YOUR INSTRUCTIONS:
Retype each entry below precisely as it reads.

Web page caption snippets:
★ ★ ★ ★ ★
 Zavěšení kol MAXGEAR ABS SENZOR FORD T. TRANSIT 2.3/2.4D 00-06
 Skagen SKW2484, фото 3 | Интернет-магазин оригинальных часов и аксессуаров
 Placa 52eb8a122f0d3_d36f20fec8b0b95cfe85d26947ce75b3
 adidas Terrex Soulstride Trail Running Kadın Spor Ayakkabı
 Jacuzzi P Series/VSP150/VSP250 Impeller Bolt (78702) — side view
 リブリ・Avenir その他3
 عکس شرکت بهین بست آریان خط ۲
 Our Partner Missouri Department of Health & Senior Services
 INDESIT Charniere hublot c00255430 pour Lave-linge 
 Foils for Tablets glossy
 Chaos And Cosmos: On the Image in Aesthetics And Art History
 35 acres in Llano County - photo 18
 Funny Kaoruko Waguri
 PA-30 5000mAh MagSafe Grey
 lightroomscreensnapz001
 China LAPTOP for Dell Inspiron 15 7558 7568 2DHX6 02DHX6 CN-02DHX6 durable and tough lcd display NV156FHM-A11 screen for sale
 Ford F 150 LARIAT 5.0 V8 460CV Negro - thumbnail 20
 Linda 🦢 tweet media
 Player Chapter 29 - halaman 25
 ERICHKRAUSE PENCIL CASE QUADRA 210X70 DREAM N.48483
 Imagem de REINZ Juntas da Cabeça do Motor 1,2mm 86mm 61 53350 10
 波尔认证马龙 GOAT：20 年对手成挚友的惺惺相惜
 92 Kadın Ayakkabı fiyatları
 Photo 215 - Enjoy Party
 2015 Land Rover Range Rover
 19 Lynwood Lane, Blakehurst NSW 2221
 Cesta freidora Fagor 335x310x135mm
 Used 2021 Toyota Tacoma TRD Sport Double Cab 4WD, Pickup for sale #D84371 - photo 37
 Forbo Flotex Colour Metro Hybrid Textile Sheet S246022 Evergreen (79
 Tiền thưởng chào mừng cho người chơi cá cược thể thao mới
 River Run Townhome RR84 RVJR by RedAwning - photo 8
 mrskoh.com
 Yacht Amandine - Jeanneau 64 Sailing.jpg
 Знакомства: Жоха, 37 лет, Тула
★ ★ ★ ★ ★
RESULT FOR THIS EXERCISE:
 Zavěšení kol MAXGEAR ABS SENZOR FORD T. TRANSIT 2.3/2.4D 00-06
 Skagen SKW2484, фото 3 | Интернет-магазин оригинальных часов и аксессуаров
 Placa 52eb8a122f0d3_d36f20fec8b0b95cfe85d26947ce75b3
 adidas Terrex Soulstride Trail Running Kadın Spor Ayakkabı
 Jacuzzi P Series/VSP150/VSP250 Impeller Bolt (78702) — side view
 リブリ・Avenir その他3
 عکس شرکت بهین بست آریان خط ۲
 Our Partner Missouri Department of Health & Senior Services
 INDESIT Charniere hublot c00255430 pour Lave-linge 
 Foils for Tablets glossy
 Chaos And Cosmos: On the Image in Aesthetics And Art History
 35 acres in Llano County - photo 18
 Funny Kaoruko Waguri
 PA-30 5000mAh MagSafe Grey
 lightroomscreensnapz001
 China LAPTOP for Dell Inspiron 15 7558 7568 2DHX6 02DHX6 CN-02DHX6 durable and tough lcd display NV156FHM-A11 screen for sale
 Ford F 150 LARIAT 5.0 V8 460CV Negro - thumbnail 20
 Linda 🦢 tweet media
 Player Chapter 29 - halaman 25
 ERICHKRAUSE PENCIL CASE QUADRA 210X70 DREAM N.48483
 Imagem de REINZ Juntas da Cabeça do Motor 1,2mm 86mm 61 53350 10
 波尔认证马龙 GOAT：20 年对手成挚友的惺惺相惜
 92 Kadın Ayakkabı fiyatları
 Photo 215 - Enjoy Party
 2015 Land Rover Range Rover
 19 Lynwood Lane, Blakehurst NSW 2221
 Cesta freidora Fagor 335x310x135mm
 Used 2021 Toyota Tacoma TRD Sport Double Cab 4WD, Pickup for sale #D84371 - photo 37
 Forbo Flotex Colour Metro Hybrid Textile Sheet S246022 Evergreen (79
 Tiền thưởng chào mừng cho người chơi cá cược thể thao mới
 River Run Townhome RR84 RVJR by RedAwning - photo 8
 mrskoh.com
 Yacht Amandine - Jeanneau 64 Sailing.jpg
 Знакомства: Жоха, 37 лет, Тула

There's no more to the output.